Records for the task -
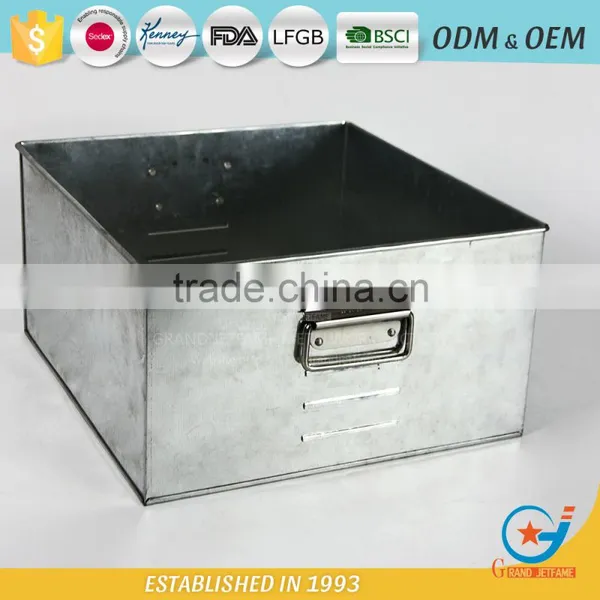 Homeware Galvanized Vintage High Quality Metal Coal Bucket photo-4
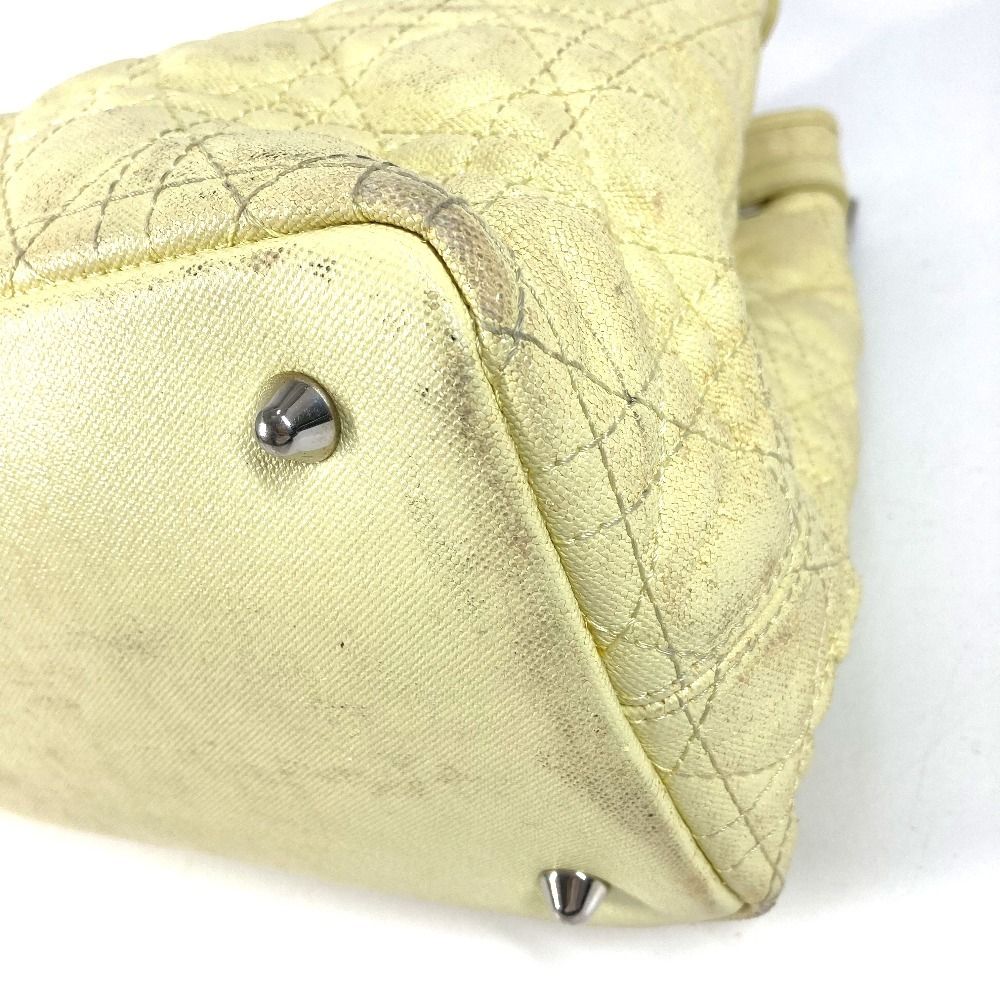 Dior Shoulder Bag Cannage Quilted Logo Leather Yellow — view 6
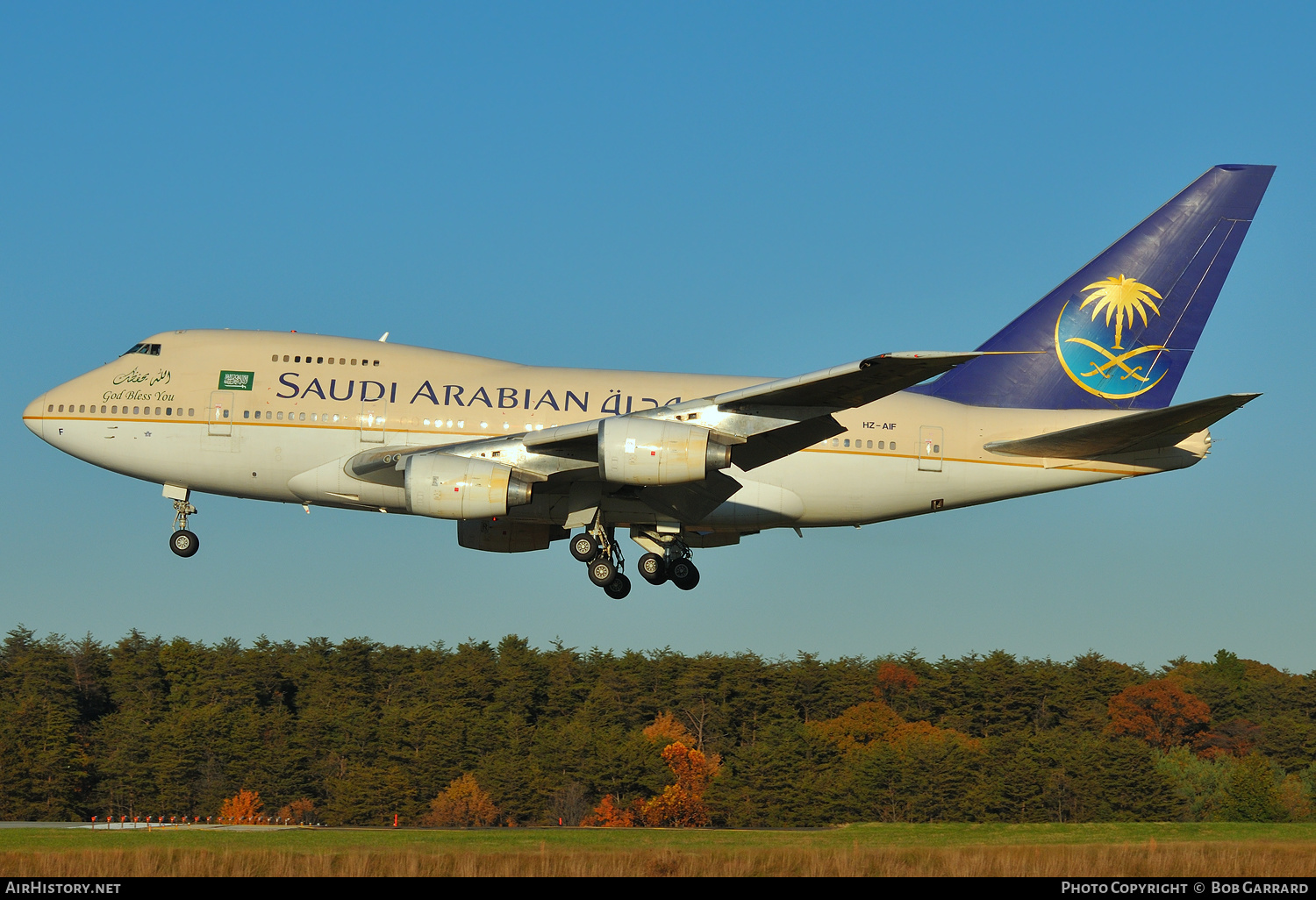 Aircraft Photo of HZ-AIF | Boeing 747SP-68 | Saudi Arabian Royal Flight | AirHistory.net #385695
...
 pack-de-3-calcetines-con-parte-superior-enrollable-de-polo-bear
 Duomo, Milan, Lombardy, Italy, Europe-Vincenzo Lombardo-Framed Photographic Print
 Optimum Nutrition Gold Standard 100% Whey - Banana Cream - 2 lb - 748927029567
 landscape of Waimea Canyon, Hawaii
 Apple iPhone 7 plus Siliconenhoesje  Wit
* * *
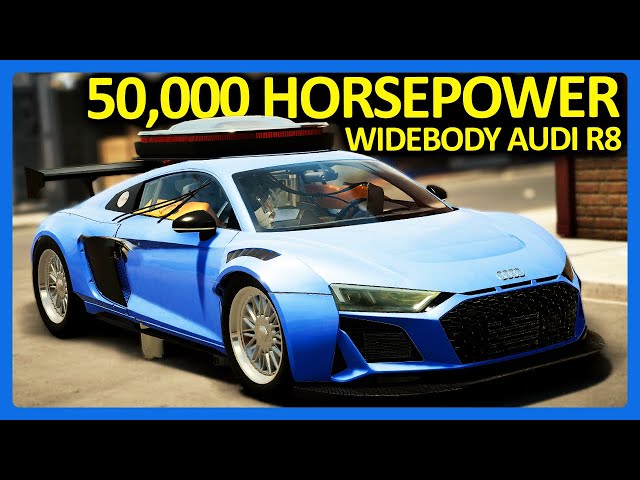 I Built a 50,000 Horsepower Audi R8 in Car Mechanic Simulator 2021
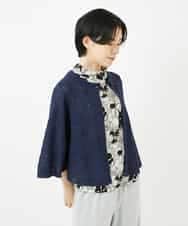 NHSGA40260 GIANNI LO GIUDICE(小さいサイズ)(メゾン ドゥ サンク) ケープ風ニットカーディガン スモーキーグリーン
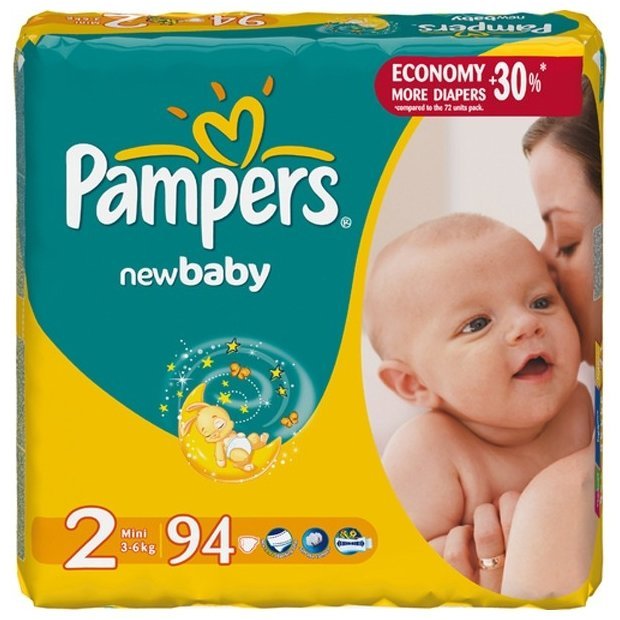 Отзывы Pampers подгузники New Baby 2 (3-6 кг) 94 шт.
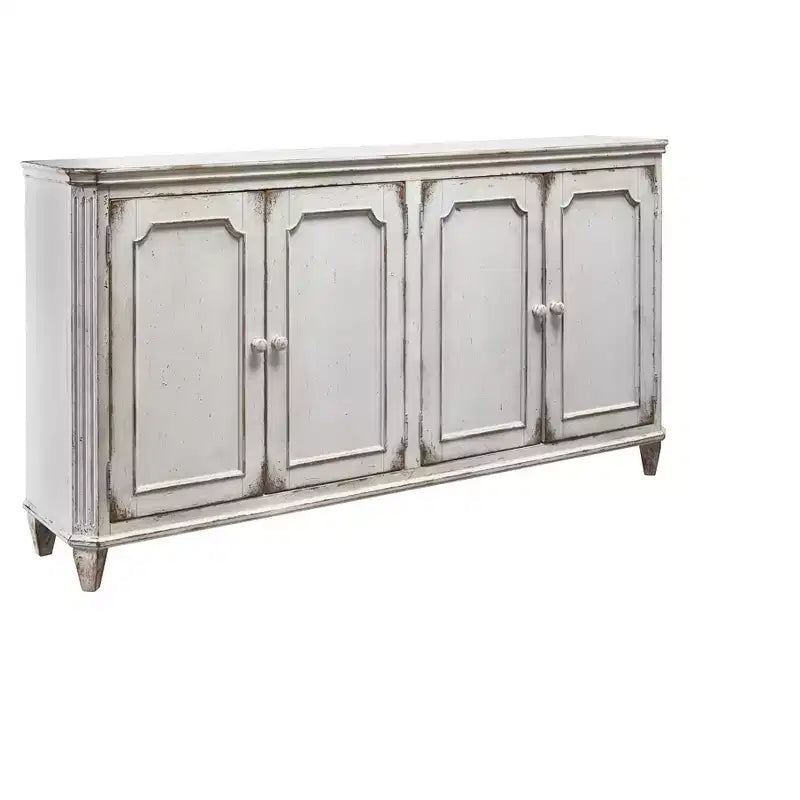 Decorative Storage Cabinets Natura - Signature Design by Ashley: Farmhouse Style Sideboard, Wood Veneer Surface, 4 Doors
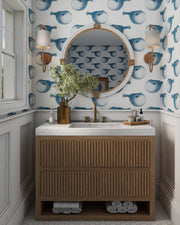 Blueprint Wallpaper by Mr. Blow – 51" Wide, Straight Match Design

Exercise - Beginning with the line that has "landscape of Waimea Canyon, Hawaii" and ending with the line that has "Apple iPhone 7", set down the lines above exactly and include no others.

Answer to the problem -
 landscape of Waimea Canyon, Hawaii
 Apple iPhone 7 plus Siliconenhoesje  Wit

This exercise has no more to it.